Design View | Design articles and news from Andy Rutledge

06/11/07 (Originally published 10/02/05)

Agencies Behaving Badly

Attention agencies: You’re hiring the wrong people. Too often we see job listings with qualification requirements that look like this:

This article was originally published in Design View in late 2005. As I continue to find job listings like the ones below from a host of ad and interactive agencies, I present this article again for those who missed it the first time around.

…Qualified applicants will possess the following: Exceptional design ability Exceptional communication ability Design leadership ability Professional competency with Photoshop Professional competency with Illustrator Professional competency with Flash, including animation, interface design and Actionscripting Strong storyboarding skills Team design coordination experience Project coordination experience Basic HTML skills Other desirable skills include: Advanced Flash Animation Advanced Actionscripting Professional 3D production Sound production Advanced HTML skills PHP experience Other scripting experience. [sic]

Or this:

…Emphasis on Website design and digital publications. Must have experience with Dreamweaver, Flash, QuarkXPress, Adobe Photoshop, Illustrator, MAC and PC. Strong typographic and formatting skills, ability to gather, interpret, organize, and edit information in a consistent and graphically effective manner to capture desired corporate or client image. [sic]

Fine. But where are the requirements that describe actual competence? These requirements above are merely for tool skills and craft familiarity.
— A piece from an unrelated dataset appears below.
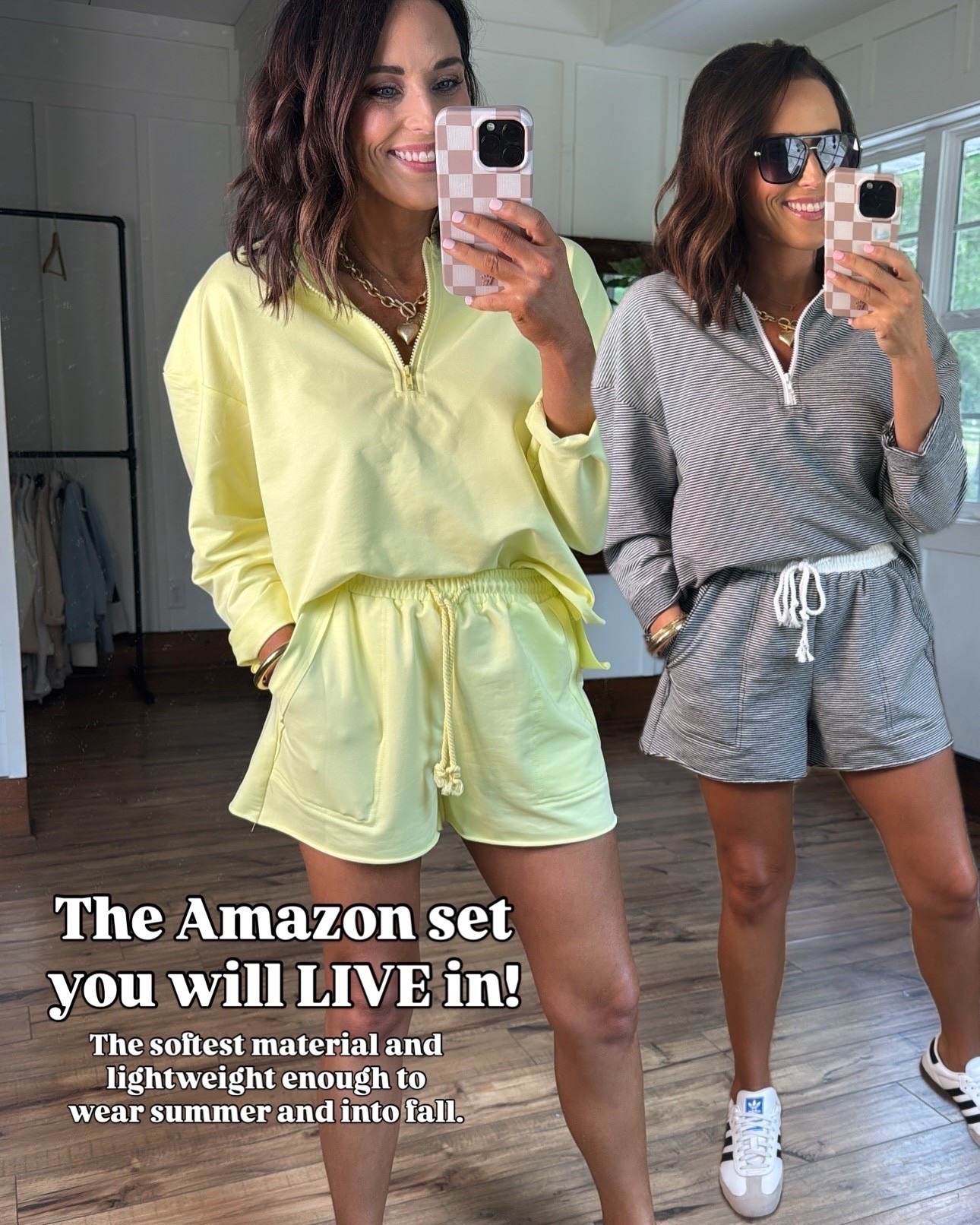 Amazon set you will live in!! The yellow is SO GOOD for spring! Lightweight and comfortable for everyday wear!

#amazonset #springset #yellowoutfit 

#LTKPetite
What about your agency obtaining the ability to move into the 21st century with design and development technique? What about requirements for semantic coding skills or accessibility and Web standards understanding? What about requiring the things that make all of that design work properly under different circumstances on the users’ end?

Why are the vast majority of agencies looking merely for people who know how to use certain tools? Why aren’t they looking for people who know how to produce modern product and truly functional results?
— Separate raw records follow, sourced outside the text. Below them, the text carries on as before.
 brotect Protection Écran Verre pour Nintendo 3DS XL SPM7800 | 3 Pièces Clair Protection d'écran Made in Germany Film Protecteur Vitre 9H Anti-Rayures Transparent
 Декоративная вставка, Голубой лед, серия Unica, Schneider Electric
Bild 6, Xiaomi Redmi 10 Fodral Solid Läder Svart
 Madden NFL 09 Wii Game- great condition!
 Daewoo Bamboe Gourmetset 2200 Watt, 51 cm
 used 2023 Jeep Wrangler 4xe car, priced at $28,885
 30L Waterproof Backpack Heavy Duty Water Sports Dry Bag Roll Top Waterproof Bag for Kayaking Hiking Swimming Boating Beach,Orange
Check yourself before you wreck yourself

Agencies, right now you’re asking for second–rate employees and this will rise up and bite you in the butt one day. Right now you’re building crap websites and they’re trashing up the internet and building a reputation for your agency. Is this the reputation you want?
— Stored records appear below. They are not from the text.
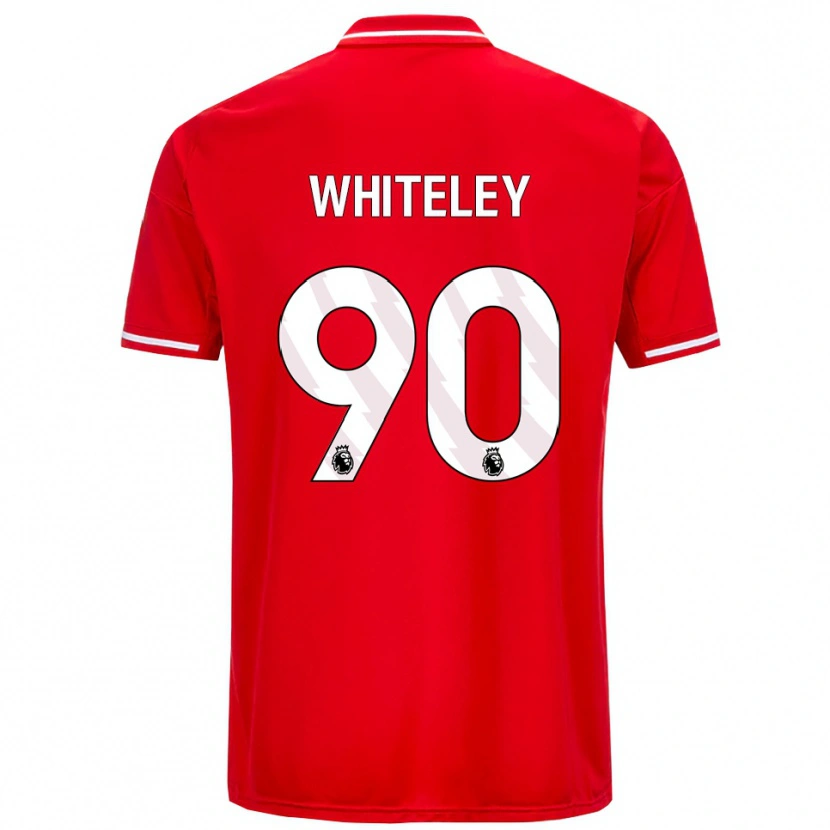 Danxen Męski Jonathan Whiteley #90 Czerwono-Biały Domowa Koszulka 2025/26 Koszulki Klubowe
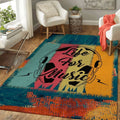 Life For Music Vintage Music Art Teppich, Teppiche - Outdoor Teppich, Teppich Wohnzimmer, Küchenteppich, Kinderzimmer, Modern
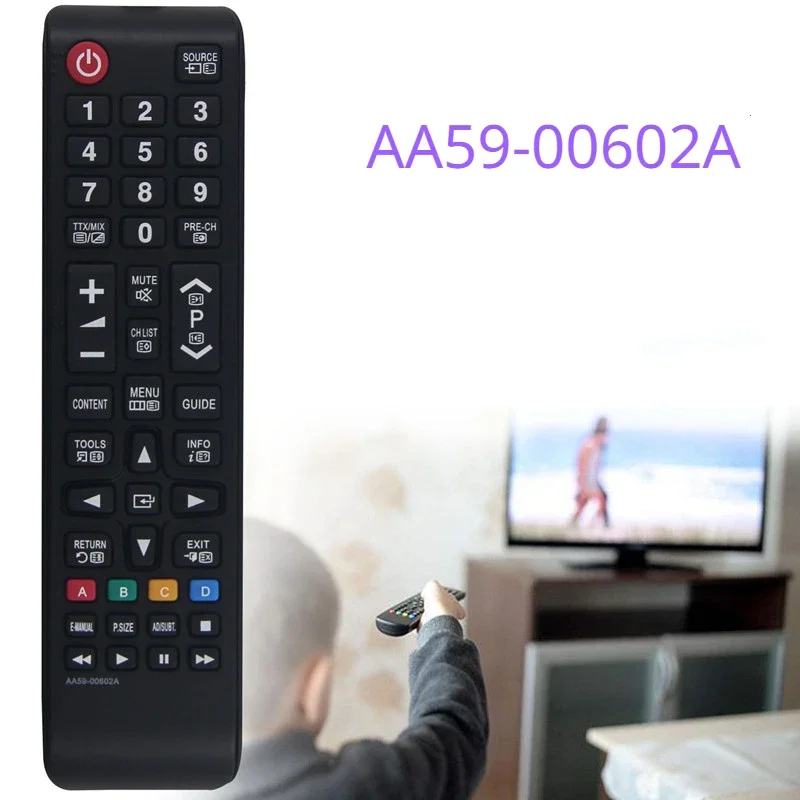 Replacement Remote Control AA59-00602A for Samsung TV AA59-0049 AA59-00666A AA59-00741A Remote Control for Samsung HD LED TV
There are a host of skilled and talented designers and developers out there who understand these things and know how to appropriately apply them to your clients’ projects. When are you going to start hiring them?

Time marches on. Web technology changes every single day. Internet–using habits change a little bit every single day. Web users’ expectations change a little bit every single day. Web users’ demands become more important to your livelihood every single day.

Agencies, ask yourselves: How are you changing every single day? How many new technology, coding or approach developments did your staff bring to your attention this week? How did your actual design and development approach change this month? How many standards– and accessibility–savvy developers did you hire this year? How many semantically coded sites did you deliver to clients this year? How many of your sites need to be redeveloped in order for a successful SEO campaign to be implemented for them? How many types of usability and accessibility issues does your product typically account for?

Or do you develop merely for people ages 16 to 35, with perfect eyesight, who only use IE6/7 with a mouse, and have JavaScript enabled on a broadband connection?

There are a host of skilled and talented designers and developers out there who understand these things and know how to appropriately apply them to your clients’ projects. When are you going to start hiring them? If you don’t, eventually your competitors will.

But to find them you have to ask for them. You have to ask for the right qualifications in your job listings. You have to let them know you care about these standards for your own work. Your employees are your agency. If you’re employees are not up to speed on these important matters, neither is your agency – nor your product. Are you satisfied with being left behind and out of touch?